16. The method of claim 15, wherein the method further comprises: and operating the second operation data and the first operation result through a second computing device in the network-on-chip processing system to obtain a second operation result.

17. A computer readable storage medium, on which a computer program is stored, characterized in that the computer program, when being executed by a processor, implements the steps of the method according to any one of claims 1-16.

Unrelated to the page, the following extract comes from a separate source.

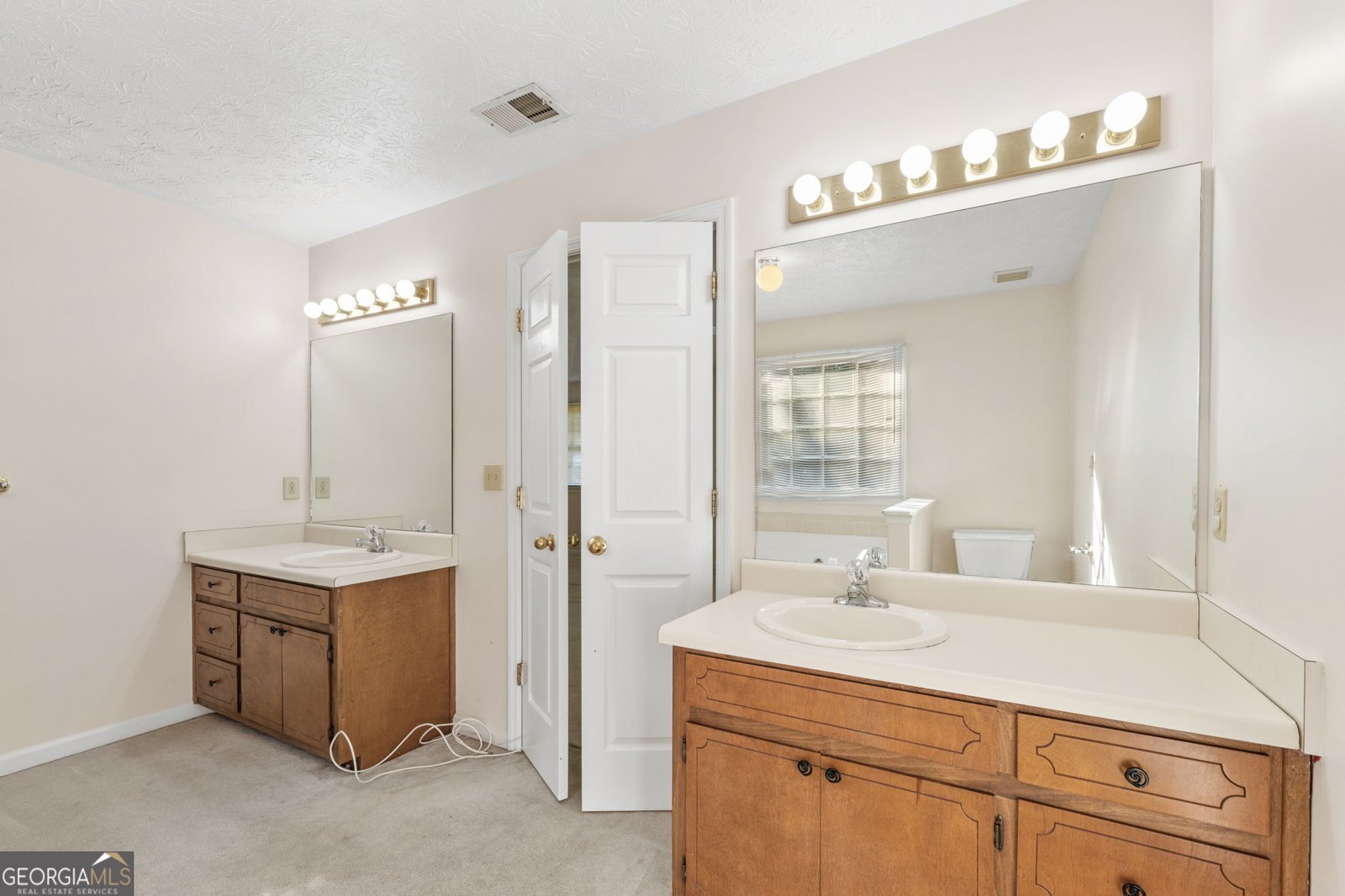 2940 Flintrock Way Snellville - 18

18. A network-on-chip data processing apparatus for performing machine learning calculations, comprising:

the first operation data acquisition module is used for accessing a storage device in the network-on-chip processing system through a first computing device in the network-on-chip processing system to acquire first operation data;

the operation module is used for carrying out operation on the first operation data through the first calculation device to obtain a first operation result;

a first operation result sending module, configured to send the first operation result to a second computing device in the network-on-chip processing system; wherein the computing device comprises an arithmetic unit and a controller unit; the accessing, by the first computing device in the network-on-chip processing system, the storage device in the network-on-chip processing system to obtain first operation data includes: a controller unit in the first computing device acquires the first operation data and a computing instruction from the storage device; establishing a connection between each computing device in each network-on-chip processing system and one or more computing devices in other network-on-chip processing systems; the arithmetic unit includes: a master processing circuit and a plurality of slave processing circuits; the plurality of slave processing circuits are distributed in an array; each slave processing circuit is connected with other adjacent slave processing circuits, the master processing circuit is connected with K slave processing circuits in the plurality of slave processing circuits, and the K slave processing circuits are: n slave processing circuits of the 1 st row, n slave processing circuits of the m th row, and m slave processing circuits of the 1 st column; forwarding of data and instructions between the master processing circuit and the plurality of slave processing circuits by the K slave processing circuits; the main processing circuit determines that the input neuron is broadcast data, the weight is distribution data, the distribution data is distributed into a plurality of data blocks, and at least one data block in the plurality of data blocks and at least one operation instruction in a plurality of operation instructions are sent to the K slave processing circuits; the K slave processing circuits convert data between the master processing circuit and the plurality of slave processing circuits; the plurality of slave processing circuits execute operation on the received data blocks according to the operation instruction to obtain an intermediate result, and the operation result is transmitted to the K slave processing circuits; and the main processing circuit performs subsequent processing on the intermediate results sent by the K slave processing circuits to obtain a first operation result of the calculation instruction, and sends the first operation result of the calculation instruction to the controller unit.